*Exercise brief*. Begin with the line in which "Small #9 American Bully" appears and end with the final line of the entries. Retype each one exactly and add nothing.

Dataset entries:
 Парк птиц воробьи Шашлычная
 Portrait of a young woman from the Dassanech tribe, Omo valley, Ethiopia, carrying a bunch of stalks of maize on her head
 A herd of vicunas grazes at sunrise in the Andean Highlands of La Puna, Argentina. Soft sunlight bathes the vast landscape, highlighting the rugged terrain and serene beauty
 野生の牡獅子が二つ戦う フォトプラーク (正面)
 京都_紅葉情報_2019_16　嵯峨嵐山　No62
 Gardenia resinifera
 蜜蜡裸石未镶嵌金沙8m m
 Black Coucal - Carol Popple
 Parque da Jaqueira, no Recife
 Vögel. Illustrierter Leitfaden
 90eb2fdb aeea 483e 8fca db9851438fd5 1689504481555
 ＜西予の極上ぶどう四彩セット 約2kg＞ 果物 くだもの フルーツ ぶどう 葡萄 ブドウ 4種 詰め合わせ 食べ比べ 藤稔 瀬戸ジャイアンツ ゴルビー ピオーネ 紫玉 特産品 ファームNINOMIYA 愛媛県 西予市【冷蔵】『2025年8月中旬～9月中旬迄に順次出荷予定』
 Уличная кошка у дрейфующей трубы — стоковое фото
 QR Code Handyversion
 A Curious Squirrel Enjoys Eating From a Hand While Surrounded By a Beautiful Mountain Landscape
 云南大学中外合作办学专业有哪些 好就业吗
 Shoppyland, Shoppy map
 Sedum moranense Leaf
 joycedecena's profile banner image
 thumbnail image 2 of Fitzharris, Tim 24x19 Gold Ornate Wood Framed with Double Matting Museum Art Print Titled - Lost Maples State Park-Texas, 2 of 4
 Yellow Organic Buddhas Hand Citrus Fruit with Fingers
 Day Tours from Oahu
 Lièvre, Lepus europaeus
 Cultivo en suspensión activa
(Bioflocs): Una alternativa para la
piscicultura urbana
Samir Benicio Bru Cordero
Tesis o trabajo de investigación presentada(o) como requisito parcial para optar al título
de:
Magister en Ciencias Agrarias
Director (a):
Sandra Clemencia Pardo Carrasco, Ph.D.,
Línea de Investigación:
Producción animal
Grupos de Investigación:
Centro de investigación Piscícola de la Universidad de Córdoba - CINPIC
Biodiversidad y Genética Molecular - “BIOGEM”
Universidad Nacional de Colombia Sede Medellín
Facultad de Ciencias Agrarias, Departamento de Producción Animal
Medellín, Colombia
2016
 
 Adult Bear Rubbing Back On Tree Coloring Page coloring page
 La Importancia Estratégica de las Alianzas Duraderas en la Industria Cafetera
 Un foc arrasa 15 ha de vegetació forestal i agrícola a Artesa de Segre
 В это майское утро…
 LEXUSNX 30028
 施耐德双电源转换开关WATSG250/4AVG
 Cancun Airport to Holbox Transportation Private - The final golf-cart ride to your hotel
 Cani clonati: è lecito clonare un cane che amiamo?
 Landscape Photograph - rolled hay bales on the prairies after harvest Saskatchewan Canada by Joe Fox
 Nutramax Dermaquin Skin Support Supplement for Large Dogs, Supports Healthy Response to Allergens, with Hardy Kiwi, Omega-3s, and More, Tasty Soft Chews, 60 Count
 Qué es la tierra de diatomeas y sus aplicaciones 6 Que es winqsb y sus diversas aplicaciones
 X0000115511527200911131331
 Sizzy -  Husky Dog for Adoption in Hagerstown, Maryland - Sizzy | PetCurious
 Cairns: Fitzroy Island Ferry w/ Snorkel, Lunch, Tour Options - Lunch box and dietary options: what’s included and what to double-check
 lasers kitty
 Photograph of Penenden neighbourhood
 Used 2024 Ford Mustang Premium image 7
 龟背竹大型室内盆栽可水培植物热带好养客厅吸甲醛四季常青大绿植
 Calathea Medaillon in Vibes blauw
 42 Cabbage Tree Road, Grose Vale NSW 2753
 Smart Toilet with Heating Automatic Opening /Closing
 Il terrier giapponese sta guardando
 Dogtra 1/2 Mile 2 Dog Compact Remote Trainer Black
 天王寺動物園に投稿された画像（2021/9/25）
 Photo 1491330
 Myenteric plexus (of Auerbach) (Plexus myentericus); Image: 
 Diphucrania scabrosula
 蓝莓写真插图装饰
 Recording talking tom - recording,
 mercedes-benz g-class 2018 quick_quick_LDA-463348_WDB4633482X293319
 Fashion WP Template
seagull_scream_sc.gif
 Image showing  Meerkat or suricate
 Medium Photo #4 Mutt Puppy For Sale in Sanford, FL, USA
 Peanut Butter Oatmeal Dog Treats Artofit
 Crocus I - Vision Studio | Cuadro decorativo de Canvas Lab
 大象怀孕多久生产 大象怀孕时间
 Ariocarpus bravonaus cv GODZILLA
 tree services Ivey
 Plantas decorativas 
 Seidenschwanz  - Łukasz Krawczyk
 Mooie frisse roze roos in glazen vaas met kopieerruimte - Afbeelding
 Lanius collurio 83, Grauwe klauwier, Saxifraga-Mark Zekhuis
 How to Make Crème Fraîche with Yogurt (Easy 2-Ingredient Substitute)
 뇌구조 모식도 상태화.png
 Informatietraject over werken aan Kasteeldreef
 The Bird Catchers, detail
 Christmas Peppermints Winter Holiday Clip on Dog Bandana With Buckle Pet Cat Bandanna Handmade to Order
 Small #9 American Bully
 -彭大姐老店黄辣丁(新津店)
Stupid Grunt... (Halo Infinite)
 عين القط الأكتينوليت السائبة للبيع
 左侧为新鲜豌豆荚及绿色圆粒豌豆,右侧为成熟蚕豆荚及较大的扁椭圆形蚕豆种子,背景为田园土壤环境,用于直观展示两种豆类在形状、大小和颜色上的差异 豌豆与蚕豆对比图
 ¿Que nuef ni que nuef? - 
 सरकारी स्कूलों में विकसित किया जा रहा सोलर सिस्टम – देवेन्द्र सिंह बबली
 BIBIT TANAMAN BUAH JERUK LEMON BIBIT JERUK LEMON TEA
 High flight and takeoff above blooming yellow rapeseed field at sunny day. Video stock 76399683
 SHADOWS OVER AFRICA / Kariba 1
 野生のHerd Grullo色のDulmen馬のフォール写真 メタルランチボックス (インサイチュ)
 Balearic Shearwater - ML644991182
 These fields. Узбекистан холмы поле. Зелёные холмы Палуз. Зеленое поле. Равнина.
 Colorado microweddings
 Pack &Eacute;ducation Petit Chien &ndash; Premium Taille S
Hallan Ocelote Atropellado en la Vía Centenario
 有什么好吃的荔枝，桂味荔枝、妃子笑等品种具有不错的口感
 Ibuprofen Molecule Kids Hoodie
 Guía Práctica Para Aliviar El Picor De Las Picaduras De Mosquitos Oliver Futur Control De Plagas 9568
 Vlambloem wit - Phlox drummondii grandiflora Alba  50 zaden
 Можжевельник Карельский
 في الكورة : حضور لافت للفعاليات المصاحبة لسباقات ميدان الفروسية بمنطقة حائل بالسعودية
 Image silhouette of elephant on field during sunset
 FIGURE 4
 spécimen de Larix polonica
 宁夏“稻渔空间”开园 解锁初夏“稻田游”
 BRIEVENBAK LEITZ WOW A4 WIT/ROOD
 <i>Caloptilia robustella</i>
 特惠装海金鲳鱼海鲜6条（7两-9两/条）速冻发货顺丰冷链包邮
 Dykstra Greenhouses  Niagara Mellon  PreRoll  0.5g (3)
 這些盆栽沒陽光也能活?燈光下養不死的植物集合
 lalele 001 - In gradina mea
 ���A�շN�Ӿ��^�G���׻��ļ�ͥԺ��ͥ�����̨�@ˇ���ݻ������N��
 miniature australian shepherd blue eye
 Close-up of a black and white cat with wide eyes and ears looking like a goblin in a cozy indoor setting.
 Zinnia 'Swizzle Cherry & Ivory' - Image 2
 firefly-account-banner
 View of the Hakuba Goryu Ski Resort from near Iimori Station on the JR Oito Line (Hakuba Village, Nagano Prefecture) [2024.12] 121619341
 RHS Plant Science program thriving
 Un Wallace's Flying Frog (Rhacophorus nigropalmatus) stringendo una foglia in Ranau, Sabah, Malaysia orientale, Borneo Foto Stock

*Response*.
 Small #9 American Bully
 -彭大姐老店黄辣丁(新津店)
Stupid Grunt... (Halo Infinite)
 عين القط الأكتينوليت السائبة للبيع
 左侧为新鲜豌豆荚及绿色圆粒豌豆,右侧为成熟蚕豆荚及较大的扁椭圆形蚕豆种子,背景为田园土壤环境,用于直观展示两种豆类在形状、大小和颜色上的差异 豌豆与蚕豆对比图
 ¿Que nuef ni que nuef? - 
 सरकारी स्कूलों में विकसित किया जा रहा सोलर सिस्टम – देवेन्द्र सिंह बबली
 BIBIT TANAMAN BUAH JERUK LEMON BIBIT JERUK LEMON TEA
 High flight and takeoff above blooming yellow rapeseed field at sunny day. Video stock 76399683
 SHADOWS OVER AFRICA / Kariba 1
 野生のHerd Grullo色のDulmen馬のフォール写真 メタルランチボックス (インサイチュ)
 Balearic Shearwater - ML644991182
 These fields. Узбекистан холмы поле. Зелёные холмы Палуз. Зеленое поле. Равнина.
 Colorado microweddings
 Pack &Eacute;ducation Petit Chien &ndash; Premium Taille S
Hallan Ocelote Atropellado en la Vía Centenario
 有什么好吃的荔枝，桂味荔枝、妃子笑等品种具有不错的口感
 Ibuprofen Molecule Kids Hoodie
 Guía Práctica Para Aliviar El Picor De Las Picaduras De Mosquitos Oliver Futur Control De Plagas 9568
 Vlambloem wit - Phlox drummondii grandiflora Alba  50 zaden
 Можжевельник Карельский
 في الكورة : حضور لافت للفعاليات المصاحبة لسباقات ميدان الفروسية بمنطقة حائل بالسعودية
 Image silhouette of elephant on field during sunset
 FIGURE 4
 spécimen de Larix polonica
 宁夏“稻渔空间”开园 解锁初夏“稻田游”
 BRIEVENBAK LEITZ WOW A4 WIT/ROOD
 <i>Caloptilia robustella</i>
 特惠装海金鲳鱼海鲜6条（7两-9两/条）速冻发货顺丰冷链包邮
 Dykstra Greenhouses  Niagara Mellon  PreRoll  0.5g (3)
 這些盆栽沒陽光也能活?燈光下養不死的植物集合
 lalele 001 - In gradina mea
 ���A�շN�Ӿ��^�G���׻��ļ�ͥԺ��ͥ�����̨�@ˇ���ݻ������N��
 miniature australian shepherd blue eye
 Close-up of a black and white cat with wide eyes and ears looking like a goblin in a cozy indoor setting.
 Zinnia 'Swizzle Cherry & Ivory' - Image 2
 firefly-account-banner
 View of the Hakuba Goryu Ski Resort from near Iimori Station on the JR Oito Line (Hakuba Village, Nagano Prefecture) [2024.12] 121619341
 RHS Plant Science program thriving
 Un Wallace's Flying Frog (Rhacophorus nigropalmatus) stringendo una foglia in Ranau, Sabah, Malaysia orientale, Borneo Foto Stock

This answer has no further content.